Start of Block

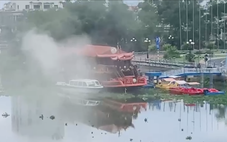 Du thuyền trên Vàm Cỏ Tây ở Long An bốc khói, neo đậu gần nửa năm chưa thấy hoạt động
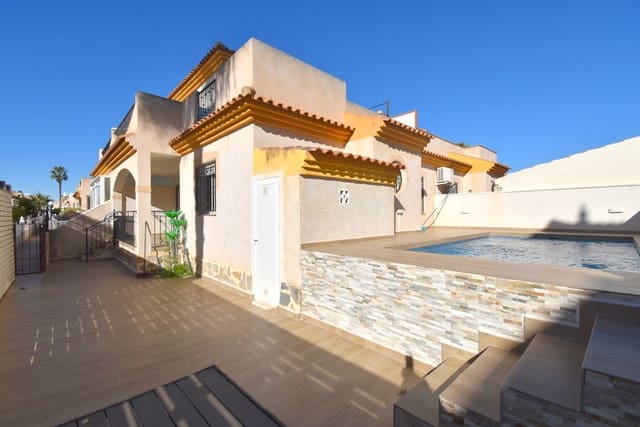 3 makuuhuone Omakotitalo myytävänä paikassa Playa Flamenca, Orihuela mukana uima-altaan - 219 000 € (Ref: 9548878)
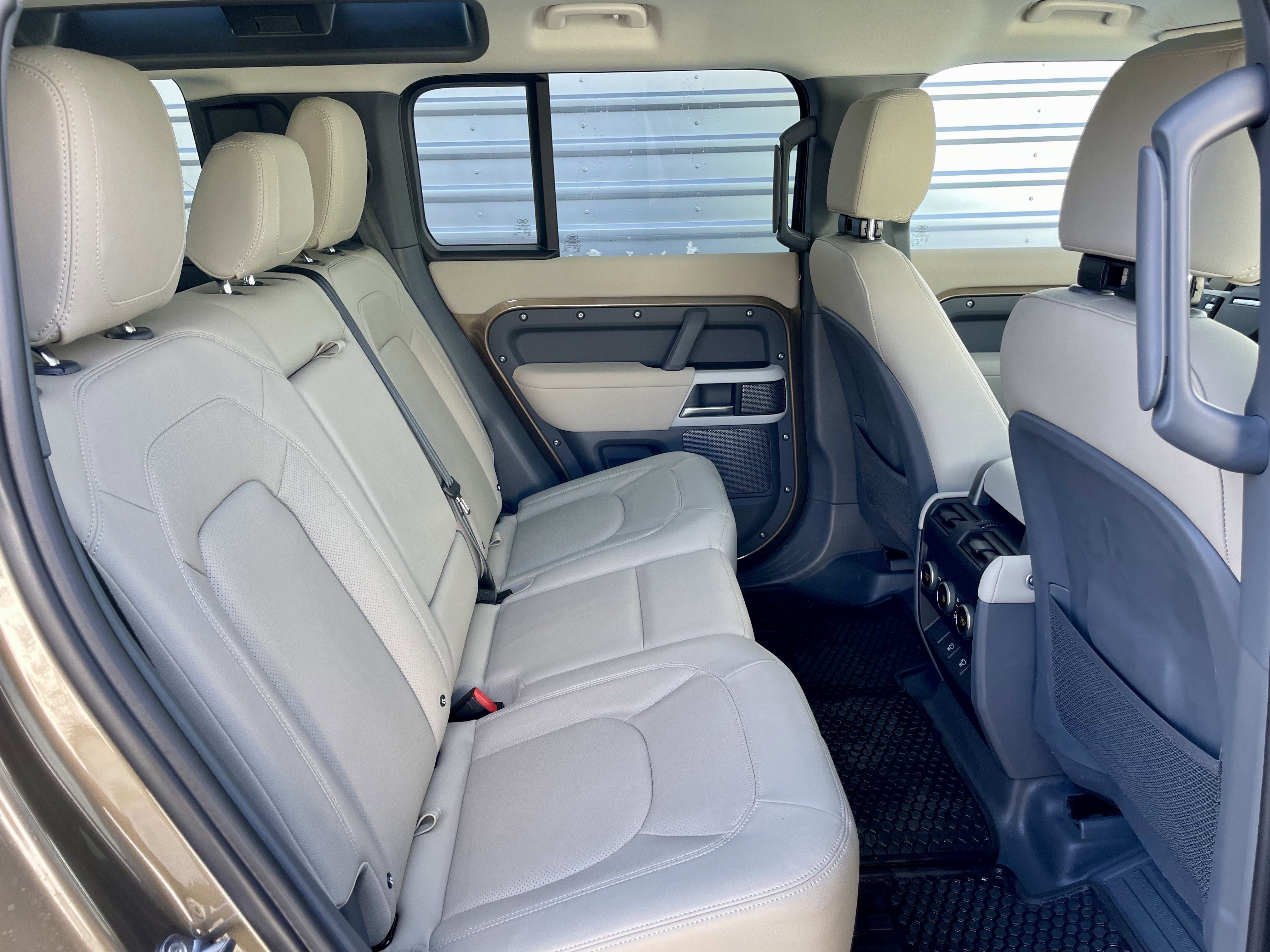 Certified 2024 Land Rover Defender 110 S image 31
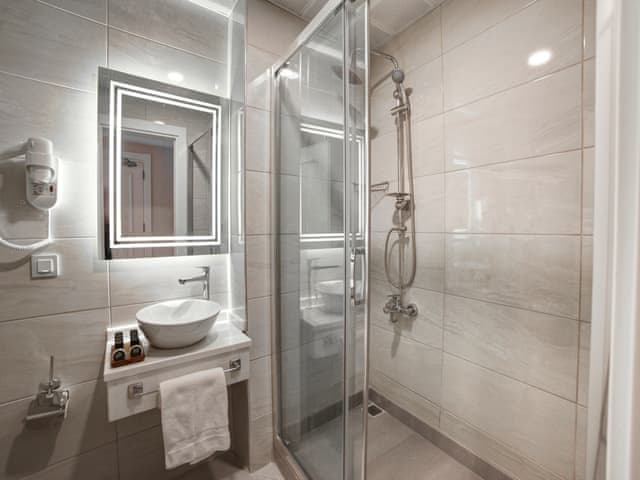Corner Suite Room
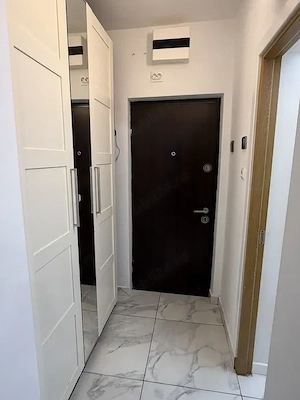 garsoniera dristor-metrou la scara blocului-modern - imagine 4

End of Block

TASK INSTRUCTIONS: Please write out all the data again word for word, but not the pictures.

SOLUTION TO THIS PROBLEM:
 Du thuyền trên Vàm Cỏ Tây ở Long An bốc khói, neo đậu gần nửa năm chưa thấy hoạt động
 3 makuuhuone Omakotitalo myytävänä paikassa Playa Flamenca, Orihuela mukana uima-altaan - 219 000 € (Ref: 9548878)
 Certified 2024 Land Rover Defender 110 S image 31
Corner Suite Room
 garsoniera dristor-metrou la scara blocului-modern - imagine 4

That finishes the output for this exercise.